Only a slice of the listing below is wanted. Retype the lines from the one containing "Złote płaskie sandały" through the one containing "バーバリー「Burberry」クラシックチェック TB刺繍 ロンT（ユニセックス）", exactly, both ends included.
:: Supplied material
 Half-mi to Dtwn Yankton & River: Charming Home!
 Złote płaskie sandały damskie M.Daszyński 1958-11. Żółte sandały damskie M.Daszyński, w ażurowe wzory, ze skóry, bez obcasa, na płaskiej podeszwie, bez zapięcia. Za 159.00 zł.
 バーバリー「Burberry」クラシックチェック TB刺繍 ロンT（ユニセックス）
::::
:: Supplied material
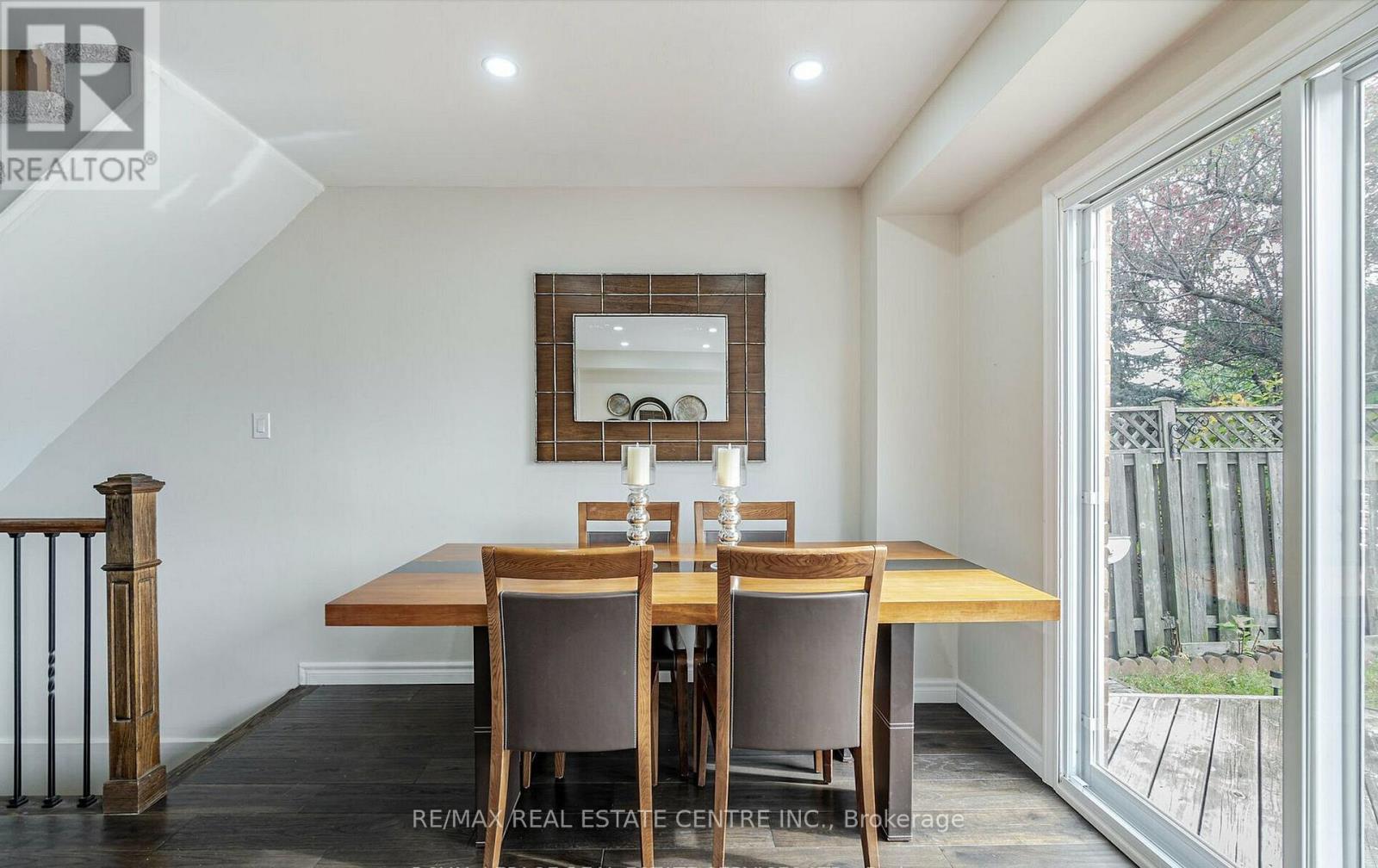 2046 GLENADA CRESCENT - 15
::::
Result of this task:
 Złote płaskie sandały damskie M.Daszyński 1958-11. Żółte sandały damskie M.Daszyński, w ażurowe wzory, ze skóry, bez obcasa, na płaskiej podeszwie, bez zapięcia. Za 159.00 zł.
 バーバリー「Burberry」クラシックチェック TB刺繍 ロンT（ユニセックス）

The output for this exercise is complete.